Pryor stood alone among the 50 state attorneys general in challenging the constitutionality of key portions of the Clean Water Act and the Endangered Species Act, asserting that land use and wildlife protection are "traditional areas of state environmental primacy" that should remain free of federal government regulation. The Forestry PAC of the Alabama Forestry Association contributed $43,500 for his reelection.

Confirmation to the 11th Circuit would put him one step closer to the Supreme Court -- which could be a troubling development for at least one of the court's current members. To a gathering of Federalist Society members in 2000, Pryor once opined, "Please God, no more Souters!"

Janice Rogers Brown, nominated to the District of Columbia Circuit

She is known for her fervent anti-government attacks, and once received a "not qualified" rating from the American Bar Association.

Janice Rogers Brown, a rock song-quoting daughter of an African-American sharecropper, currently sits on the California Supreme Court as its first black woman justice. Prior to Brown's rise to the California Supreme Court, her legal and judicial career was closely connected to the Republican Party, which saw a judicial star in the black conservative. Republican Gov. Pete Wilson appointed her his legal affairs secretary, and then to a seat on the state Court of Appeals in 1994. The legal establishment was unimpressed, though, and prior to her appointment she received a "not qualified" rating from the American Bar Association.

Brown startled many legal observers with her speech in 2000 to the Federalist Society in Chicago, when she warned that, "Where government moves in ... the result is a debased, debauched culture, which finds moral depravity entertaining and virtue contemptible." Brown has denounced President Franklin Roosevelt's Supreme Court as transforming the Constitution into a "significantly different document," and the Democratic New Deal as the triumph of "our own socialist revolution." It is this fervid ideological opposition to government and regulation of private enterprise that causes Democratic opponents to denounce her lack of judicial fairness.
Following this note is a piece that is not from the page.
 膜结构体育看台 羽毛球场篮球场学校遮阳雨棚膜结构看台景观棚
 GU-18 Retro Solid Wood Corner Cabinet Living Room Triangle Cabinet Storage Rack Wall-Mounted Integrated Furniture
Critics fear Brown's anti-government attacks, and opposition to regulation of corporate and financial interests that could block her impartiality on the federal court.

William Myers III, nominated to the 9th Circuit Court

In 2003, a federal court concluded that he had badly misinterpreted federal law.

Myers' long history of working for the law firm Holland & Hart as a lobbyist on behalf of the mining and energy industries has galvanized a broad coalition of environmental, health and consumer groups against his nomination. Democrats fear that he will attempt to give private property rights greater weight in judicial decisions than attempts to protect public lands, water and endangered species. Of particular concern is Myers' nomination to the 9th circuit, whose jurisdiction over the Western states covers many of the same industries whose interests he has spent his career lobbying or representing in court.

Myers served from 2001-03 as solicitor general of the Department of Interior. In 2003, a federal court concluded that Myers had badly misinterpreted federal law in permitting a mining company to operate on public land in California. The National Congress of American Indians, a coalition of more than 250 tribal groups, opposes Myers, claiming that the policies he executed during his tenure at the Interior Department threatened native sites without consulting the tribes involved.

As Salon reported last year, Myers' congressional lobbying in 2000 on behalf of major coal interests resulted in legislation that paved the way for a merger between two major coal companies that was later opposed by the Federal Trade Commission. The commission concluded that the merger was potentially anti-competitive and harmful to consumers and electricity users. These same coal interests routinely have cases before the 9th Circuit Court.

Finally, Democrats on the Senate Judiciary Committee point out that Myers has minimal courtroom experience and has never been a judge. He received a "qualified" rating from the American Bar Association, the ABA's lowest passing grade, with a minority voting "not qualified."